Samsung's foundry business needs big clients that can provide orders worth tens of billions of dollars. Unfortunately, most companies that fit the bill are opting for TSMC's 5nm process, which is widely perceived as being superior to Samsung's 5nm process.
The company doesn't want a repeat of this, which is why it has been working so hard to establish superiority over TSMC for the next-gen 3nm process. As the leading supplier of GPUs, orders from NVIDIA mean big business for any foundry, and Samsung is reportedly trying desperately hard to win orders from NVIDIA.
NVIDIA's business will be a big win for Samsung Foundry
NVIDIA has stuck with TSMC's process nodes to develop its GPUs for a while now. The recent GeForce RTX 40 series is made on TSMC's 5nm process. Samsung wants to change that as the industry transitions towards 3nm chips.

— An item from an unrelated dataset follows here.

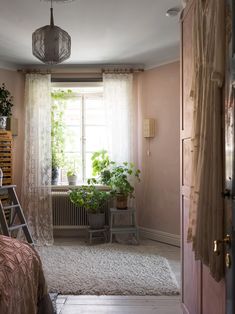 a bedroom with pink walls and white curtains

Samsung's 3nm process node uses Gate-All-Around technology. The company has worked hard on improving and optimizing the process to elimate problems that have forced it in TSMC's shadow for far too long.
A new report out of South Korea also claims that Samsung has implemented an internal strategy called “Nemo,” with every department being told to make diligent efforts for winning orders from NVIDIA. Samsung last produced NVIDIA's GeForce RTX 30 GPUs on its 8nm process, so it's been a while.
NVIDIA has had a close relationship with Samsung in the past and the two are also in sync for high-bandwidth memory solutions used in NVIDIA's AI chips. Samsung was even rumored to be NVIDIA's sole supplier of HBM3E chips at one point.
If Samsung is able to sort things out for its 3nm process in time, and provide enough of a cost advantage, it would make clear business sense for NVIDIA to shift over orders from TSMC. Samsung has to create that enabling environment for NVIDIA to make that move. The company will certainly be hoping that it ends up doing that.